= ABOUT THIS EXERCISE =
Given the entries below, would you transcribe exactly the lines starting at the one with "Welcome back. In" and ending at the one with "And that's exactly", both kept, pictures omitted, nothing extra?

= RECORDS SHOWN =
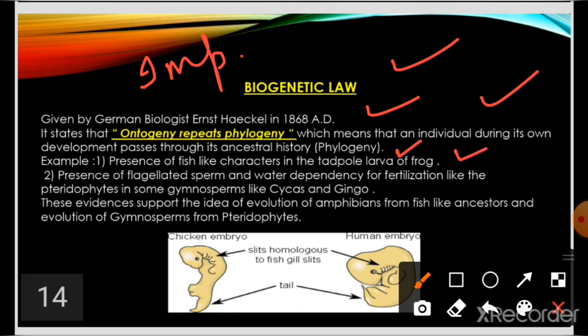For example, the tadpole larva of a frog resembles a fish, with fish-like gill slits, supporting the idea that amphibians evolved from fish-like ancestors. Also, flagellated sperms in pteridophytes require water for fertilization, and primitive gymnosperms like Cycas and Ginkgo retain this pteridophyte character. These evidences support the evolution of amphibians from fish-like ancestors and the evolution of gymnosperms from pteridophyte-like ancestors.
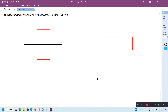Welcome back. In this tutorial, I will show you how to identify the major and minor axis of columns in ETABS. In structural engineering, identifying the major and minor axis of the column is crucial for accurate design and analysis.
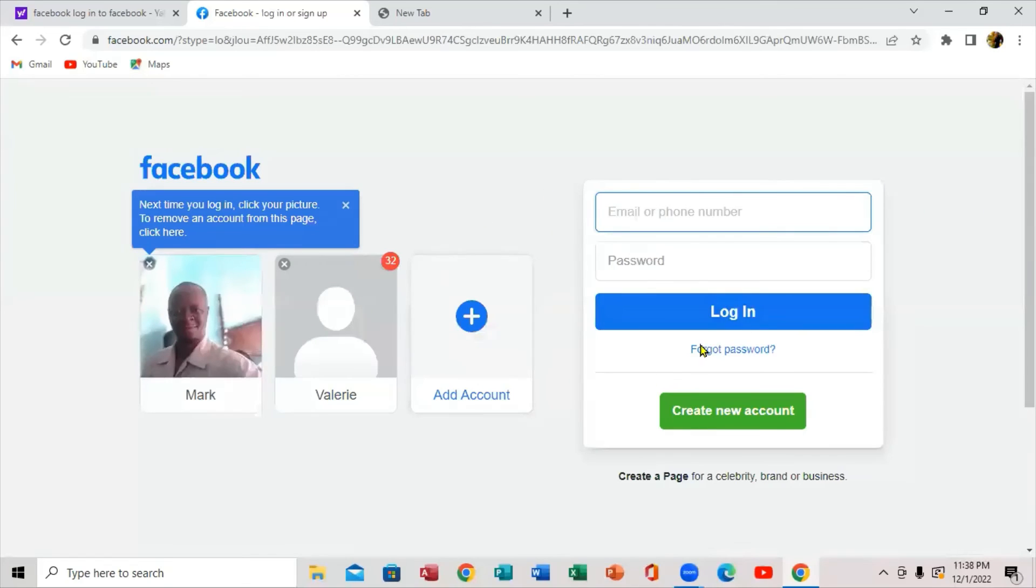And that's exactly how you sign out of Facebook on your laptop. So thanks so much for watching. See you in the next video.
...
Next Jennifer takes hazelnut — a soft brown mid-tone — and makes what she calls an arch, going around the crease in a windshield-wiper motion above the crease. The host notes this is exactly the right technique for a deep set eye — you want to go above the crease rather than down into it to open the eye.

= RESPONSE BOX =
Welcome back. In this tutorial, I will show you how to identify the major and minor axis of columns in ETABS. In structural engineering, identifying the major and minor axis of the column is crucial for accurate design and analysis.
And that's exactly how you sign out of Facebook on your laptop. So thanks so much for watching. See you in the next video.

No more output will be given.